- Born: Portland, Oregon, U.S.
- Occupations: Journalist, author
- Notable work: A Greek Tragedy: One Day, a Deadly Shipwreck, and the Human Cost of the Refugee Crisis
- Awards: National Arts Journalism Program Fellowship, Columbia University; Logan Nonfiction Program Fellowship; Mesa Refuge Fellowship (Peter Barnes Long-form Journalism honoree);

= Jeanne Carstensen =

American journalist and author

Jeanne Carstensen is an American journalist and author recognized for her reporting on the Syrian refugee crisis and her roles as a managing editor for prominent media outlets. She has contributed to The New York Times, Foreign Policy, The Nation, and Salon.

==Career==
Carstensen served as the executive managing editor of The Bay Citizen, which produced the Bay Area pages of The New York Times, and as managing editor at Salon. Earlier in her career, she worked in Costa Rica as a shortwave radio producer and translator.

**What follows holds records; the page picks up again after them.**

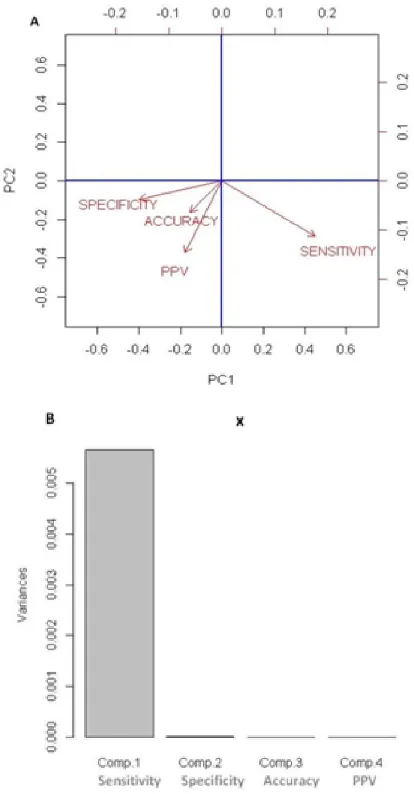 Fig. 3. PCA analysis to evaluate variance variability of sensitivity, specificity, accuracy and PPV statistical parameters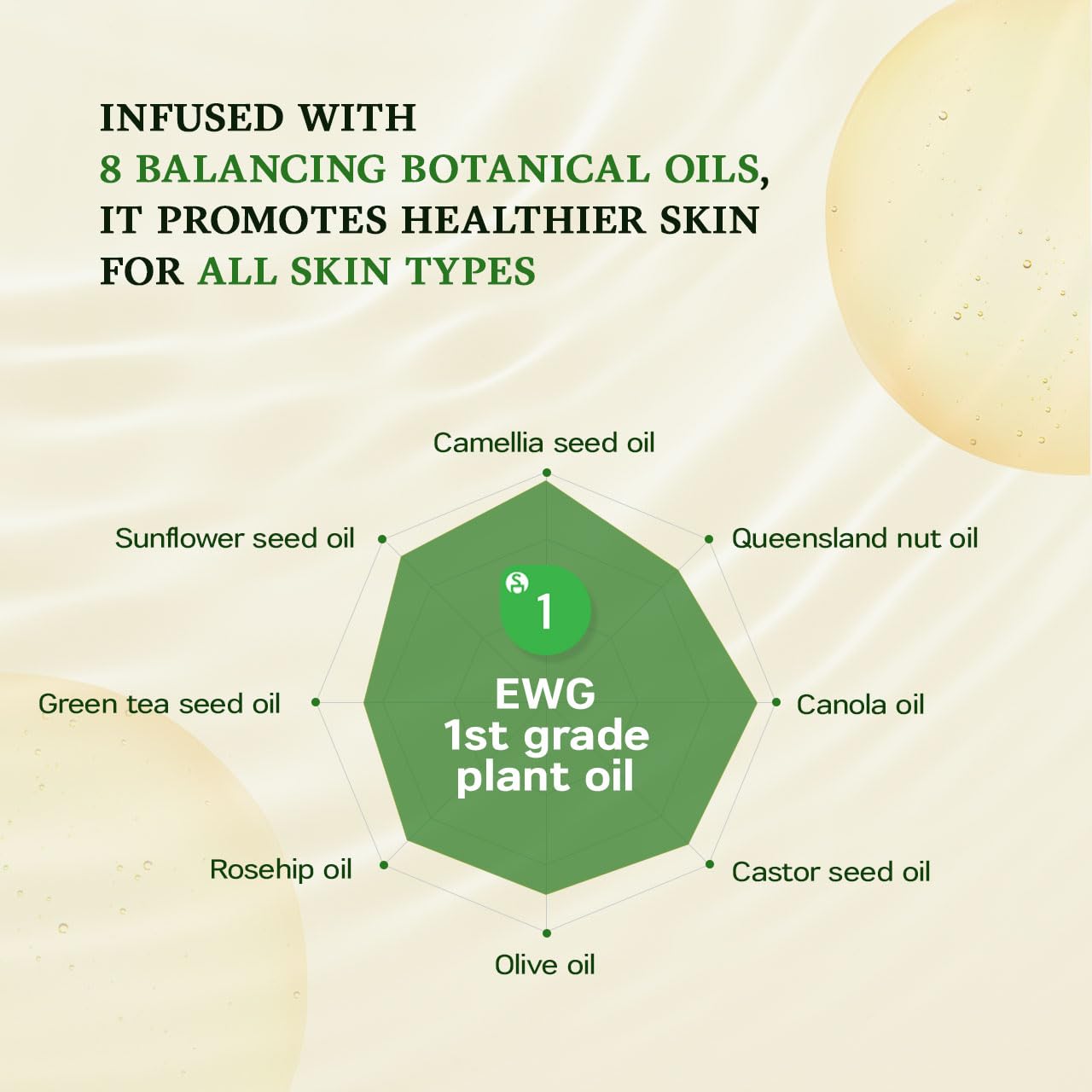 SanDaWha SKINCURE Camellia Natural Mild Cleansing Oil - Korean Skincare Deep Makeup Remover & Pore Cleanser for Blackheads and Sebum with 8 Plant Beauty & Personal Care SanDaWha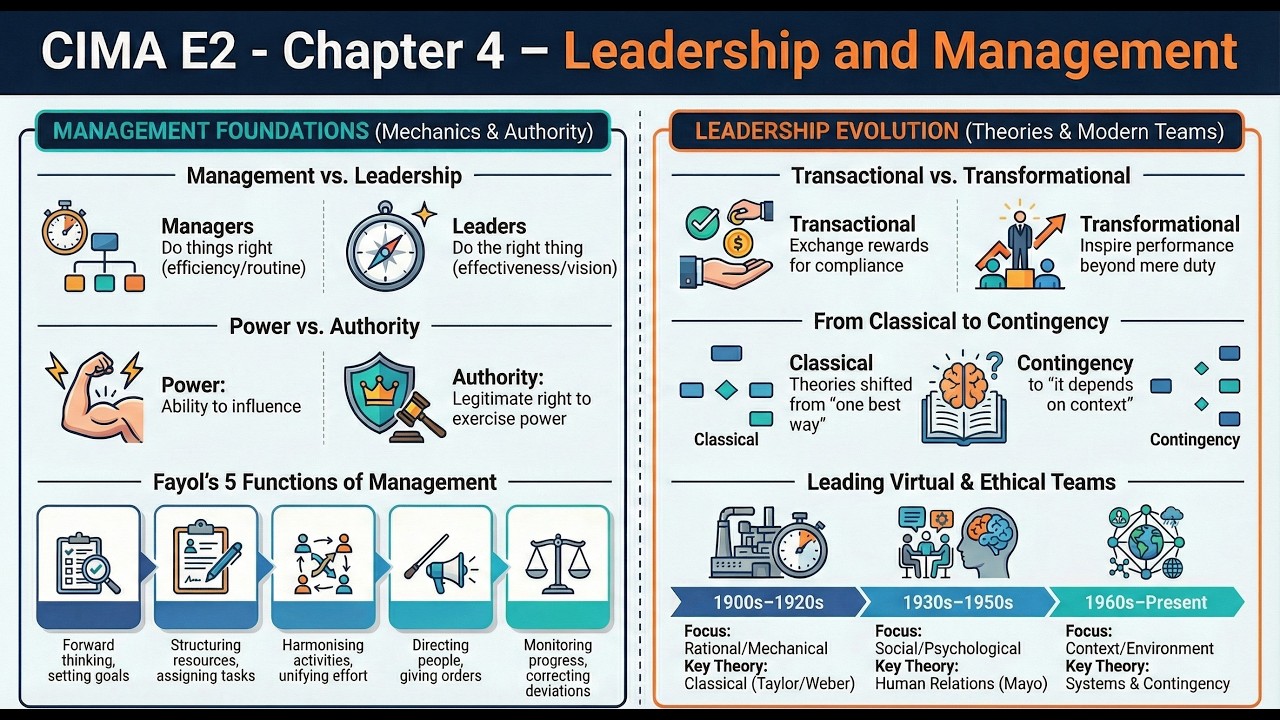 CIMA E2 - Chapter 4 – Leadership and Management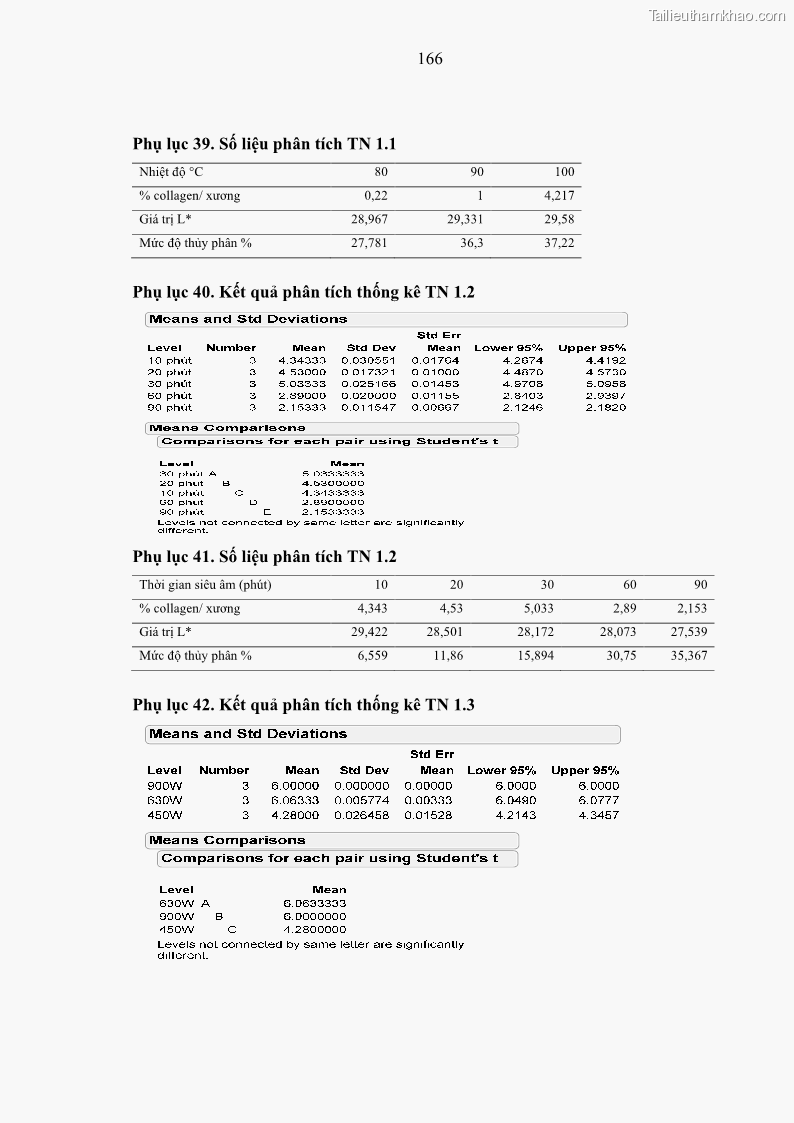 Luận án tiến sĩ công nghệ sinh học Nghiên cứu phát triển sản phẩm thực phẩm từ nguyên liệu cá sấu bằng kỹ thuật hóa sinh - 16 Trang 190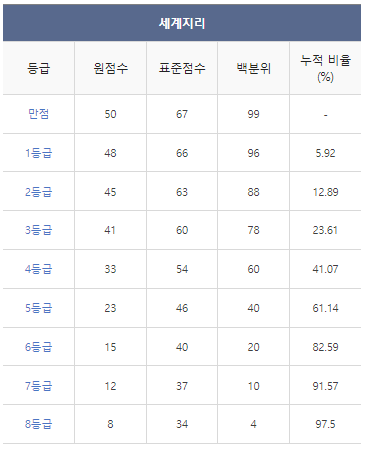 2024학년도-수능-등급컷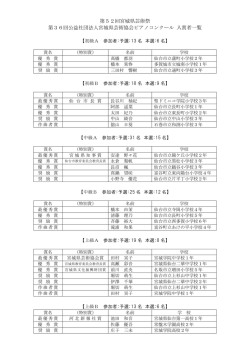 第52回宮城県芸術祭 第36回公益社団法人宮城県芸術協会ピアノ
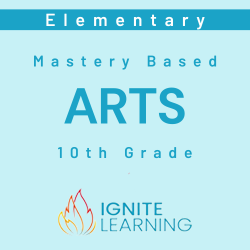 10th Grade History & Geography – MB – S1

Her journalism has focused heavily on refugee issues, particularly in Greece, Turkey, and across Europe. With support from the Pulitzer Center on Crisis Reporting, her coverage of the crisis in 2015 on the Greek island of Lesbos—where more than 500,000 refugees arrived—highlighted the impact on local communities, many of whom were themselves descendants of Greek refugees from Asia Minor in 1922. This body of work led to her being shortlisted for the Immigration Journalism Awards.

==Recognition and Fellowships==
Carstensen's honors include:
- Columbia University National Arts Journalism Program Fellowship
- Logan Nonfiction Program Fellowship
- Mesa Refuge Fellowship, where she was named the Peter Barnes Long-form Journalism honoree

==Personal life==
Born in Portland, Oregon, Carstensen has lived in several countries, including France, Greece, and Costa Rica. She resides in San Francisco and is a member of the Castro Writers' Cooperative.

==Published Works==
Her book, "A Greek Tragedy: One Day, a Deadly Shipwreck, and the Human Cost of the Refugee Crisis," was published by Atria/One Signal Publishers in 2025. In January 2026, "A Greek Tragedy" was named a finalist for the 2026 PEN/John Kenneth Galbraith Award for Nonfiction.